Input material
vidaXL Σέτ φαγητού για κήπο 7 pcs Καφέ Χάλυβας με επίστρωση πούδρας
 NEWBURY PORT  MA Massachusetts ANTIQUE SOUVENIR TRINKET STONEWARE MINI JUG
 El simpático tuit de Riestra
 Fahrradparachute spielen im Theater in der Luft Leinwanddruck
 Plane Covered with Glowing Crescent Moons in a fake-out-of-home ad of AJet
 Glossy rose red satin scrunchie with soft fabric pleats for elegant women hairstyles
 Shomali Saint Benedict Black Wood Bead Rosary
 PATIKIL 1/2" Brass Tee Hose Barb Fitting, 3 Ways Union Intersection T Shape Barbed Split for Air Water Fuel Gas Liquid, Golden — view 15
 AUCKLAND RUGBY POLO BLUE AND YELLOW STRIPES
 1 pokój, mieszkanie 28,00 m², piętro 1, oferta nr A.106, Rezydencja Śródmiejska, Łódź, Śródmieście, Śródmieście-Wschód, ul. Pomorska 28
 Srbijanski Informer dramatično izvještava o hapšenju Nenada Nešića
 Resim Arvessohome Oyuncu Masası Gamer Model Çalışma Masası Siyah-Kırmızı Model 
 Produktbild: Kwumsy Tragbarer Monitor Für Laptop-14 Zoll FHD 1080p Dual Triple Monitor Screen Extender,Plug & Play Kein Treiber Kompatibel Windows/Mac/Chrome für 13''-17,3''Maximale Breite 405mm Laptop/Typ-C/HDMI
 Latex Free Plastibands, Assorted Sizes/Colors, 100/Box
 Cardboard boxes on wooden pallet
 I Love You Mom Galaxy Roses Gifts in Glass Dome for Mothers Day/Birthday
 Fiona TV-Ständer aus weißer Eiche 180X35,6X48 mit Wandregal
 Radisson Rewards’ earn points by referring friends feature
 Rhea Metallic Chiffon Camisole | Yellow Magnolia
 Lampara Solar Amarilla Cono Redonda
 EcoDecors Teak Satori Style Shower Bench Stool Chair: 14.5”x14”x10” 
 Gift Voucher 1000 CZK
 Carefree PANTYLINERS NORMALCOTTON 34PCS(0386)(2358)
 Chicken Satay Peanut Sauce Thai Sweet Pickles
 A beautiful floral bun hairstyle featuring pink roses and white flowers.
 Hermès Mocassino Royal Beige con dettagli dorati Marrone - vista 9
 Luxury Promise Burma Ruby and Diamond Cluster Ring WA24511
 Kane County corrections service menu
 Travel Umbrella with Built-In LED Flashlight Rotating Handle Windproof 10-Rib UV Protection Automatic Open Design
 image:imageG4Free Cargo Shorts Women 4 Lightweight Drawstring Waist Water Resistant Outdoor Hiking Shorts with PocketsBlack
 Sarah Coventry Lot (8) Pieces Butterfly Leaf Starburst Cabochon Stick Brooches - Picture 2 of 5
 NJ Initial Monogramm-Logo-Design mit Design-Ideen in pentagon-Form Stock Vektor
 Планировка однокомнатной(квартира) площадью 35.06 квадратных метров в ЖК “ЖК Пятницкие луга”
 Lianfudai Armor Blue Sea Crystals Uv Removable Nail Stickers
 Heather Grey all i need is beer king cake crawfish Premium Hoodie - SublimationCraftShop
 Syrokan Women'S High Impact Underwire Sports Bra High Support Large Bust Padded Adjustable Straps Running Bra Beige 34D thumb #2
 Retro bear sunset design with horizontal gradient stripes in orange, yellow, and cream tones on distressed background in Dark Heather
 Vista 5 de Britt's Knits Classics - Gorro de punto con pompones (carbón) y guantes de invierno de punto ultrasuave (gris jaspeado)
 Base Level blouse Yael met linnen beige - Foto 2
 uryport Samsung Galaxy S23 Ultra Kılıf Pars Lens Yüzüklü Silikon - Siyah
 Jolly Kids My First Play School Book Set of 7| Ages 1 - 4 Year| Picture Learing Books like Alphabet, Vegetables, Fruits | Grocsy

Work item
From the first line to the last, reproduce the data above exactly.

Result of this task
vidaXL Σέτ φαγητού για κήπο 7 pcs Καφέ Χάλυβας με επίστρωση πούδρας
 NEWBURY PORT  MA Massachusetts ANTIQUE SOUVENIR TRINKET STONEWARE MINI JUG
 El simpático tuit de Riestra
 Fahrradparachute spielen im Theater in der Luft Leinwanddruck
 Plane Covered with Glowing Crescent Moons in a fake-out-of-home ad of AJet
 Glossy rose red satin scrunchie with soft fabric pleats for elegant women hairstyles
 Shomali Saint Benedict Black Wood Bead Rosary
 PATIKIL 1/2" Brass Tee Hose Barb Fitting, 3 Ways Union Intersection T Shape Barbed Split for Air Water Fuel Gas Liquid, Golden — view 15
 AUCKLAND RUGBY POLO BLUE AND YELLOW STRIPES
 1 pokój, mieszkanie 28,00 m², piętro 1, oferta nr A.106, Rezydencja Śródmiejska, Łódź, Śródmieście, Śródmieście-Wschód, ul. Pomorska 28
 Srbijanski Informer dramatično izvještava o hapšenju Nenada Nešića
 Resim Arvessohome Oyuncu Masası Gamer Model Çalışma Masası Siyah-Kırmızı Model 
 Produktbild: Kwumsy Tragbarer Monitor Für Laptop-14 Zoll FHD 1080p Dual Triple Monitor Screen Extender,Plug & Play Kein Treiber Kompatibel Windows/Mac/Chrome für 13''-17,3''Maximale Breite 405mm Laptop/Typ-C/HDMI
 Latex Free Plastibands, Assorted Sizes/Colors, 100/Box
 Cardboard boxes on wooden pallet
 I Love You Mom Galaxy Roses Gifts in Glass Dome for Mothers Day/Birthday
 Fiona TV-Ständer aus weißer Eiche 180X35,6X48 mit Wandregal
 Radisson Rewards’ earn points by referring friends feature
 Rhea Metallic Chiffon Camisole | Yellow Magnolia
 Lampara Solar Amarilla Cono Redonda
 EcoDecors Teak Satori Style Shower Bench Stool Chair: 14.5”x14”x10” 
 Gift Voucher 1000 CZK
 Carefree PANTYLINERS NORMALCOTTON 34PCS(0386)(2358)
 Chicken Satay Peanut Sauce Thai Sweet Pickles
 A beautiful floral bun hairstyle featuring pink roses and white flowers.
 Hermès Mocassino Royal Beige con dettagli dorati Marrone - vista 9
 Luxury Promise Burma Ruby and Diamond Cluster Ring WA24511
 Kane County corrections service menu
 Travel Umbrella with Built-In LED Flashlight Rotating Handle Windproof 10-Rib UV Protection Automatic Open Design
 image:imageG4Free Cargo Shorts Women 4 Lightweight Drawstring Waist Water Resistant Outdoor Hiking Shorts with PocketsBlack
 Sarah Coventry Lot (8) Pieces Butterfly Leaf Starburst Cabochon Stick Brooches - Picture 2 of 5
 NJ Initial Monogramm-Logo-Design mit Design-Ideen in pentagon-Form Stock Vektor
 Планировка однокомнатной(квартира) площадью 35.06 квадратных метров в ЖК “ЖК Пятницкие луга”
 Lianfudai Armor Blue Sea Crystals Uv Removable Nail Stickers
 Heather Grey all i need is beer king cake crawfish Premium Hoodie - SublimationCraftShop
 Syrokan Women'S High Impact Underwire Sports Bra High Support Large Bust Padded Adjustable Straps Running Bra Beige 34D thumb #2
 Retro bear sunset design with horizontal gradient stripes in orange, yellow, and cream tones on distressed background in Dark Heather
 Vista 5 de Britt's Knits Classics - Gorro de punto con pompones (carbón) y guantes de invierno de punto ultrasuave (gris jaspeado)
 Base Level blouse Yael met linnen beige - Foto 2
 uryport Samsung Galaxy S23 Ultra Kılıf Pars Lens Yüzüklü Silikon - Siyah
 Jolly Kids My First Play School Book Set of 7| Ages 1 - 4 Year| Picture Learing Books like Alphabet, Vegetables, Fruits | Grocsy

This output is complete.